An in-depth investigation
Northern Rock Bailout by U.K. Faces Extended EU Probe
European Union regulators extended an in-depth investigation into U.K. aid to Northern Rock Plc as they review a modified restructuring plan for the mortgage lender.
The European Commission "needs to look into the changes made by the U.K. to the original package for Northern Rock, to ensure legal certainty," EU Competition Commissioner Neelie Kroes said in a statement today in Brussels. "In view of the large scale of the aid measures this is standard procedure."
The U.K. government plans to split "Northern Rock into a 'good' bank, which would continue commercial activities, and a 'bad' bank with most of the previous mortgage loans, which would be wound down," the EU said. The commission will study whether the changes will allow the bank to "return to long-term viability while avoiding undue distortions of competition."
Banks across Europe are preparing restructuring plans and the EU today announced a separate investigation of the German government’s 35 billion-euro rescue package for Hypo Real Estate Holding AG. Northern Rock needed emergency U.K. funding in 2007 and was nationalized in February 2008 after suffering the first run on a British bank for more than a century.
"This is a standard part of the application process and it was an announcement we have been expecting," said Brian Giles, a spokesman for Newcastle, England-based Northern Rock. "It is good news in terms of allowing us to progress with implementing our revised plan."
Under EU rules, banks need to submit restructuring plans six months after getting state subsidies.

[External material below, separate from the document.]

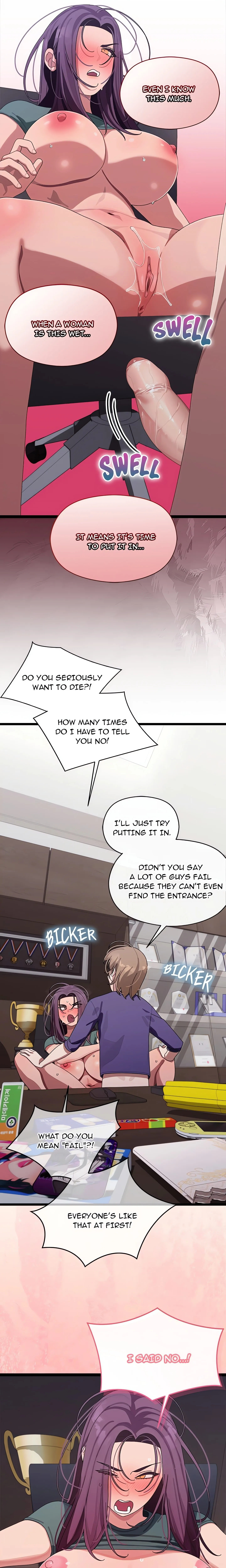 From Weakling to Nemesis (Uncensored) Chapter 0 page 1 -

European banks needed the aid as the value of assets related to the U.S. mortgage market declined and inter-bank lending froze last year.
Credit-Crisis Casualty
"My understanding is that this is more a technicality reflecting the fact that there had been a change in Northern Rock’s business strategy," Michael Ellam, Prime Minister Gordon Brown’s spokesman, told reporters in London today.
Northern Rock, once the U.K.’s third-largest lender, suffered after the U.S. subprime-credit crisis began in 2007. The cost of borrowing rose and Northern Rock feared it would run out of cash.
The bank said April 23 that it will remain "substantially loss making" after mortgage arrears tripled in less than a year.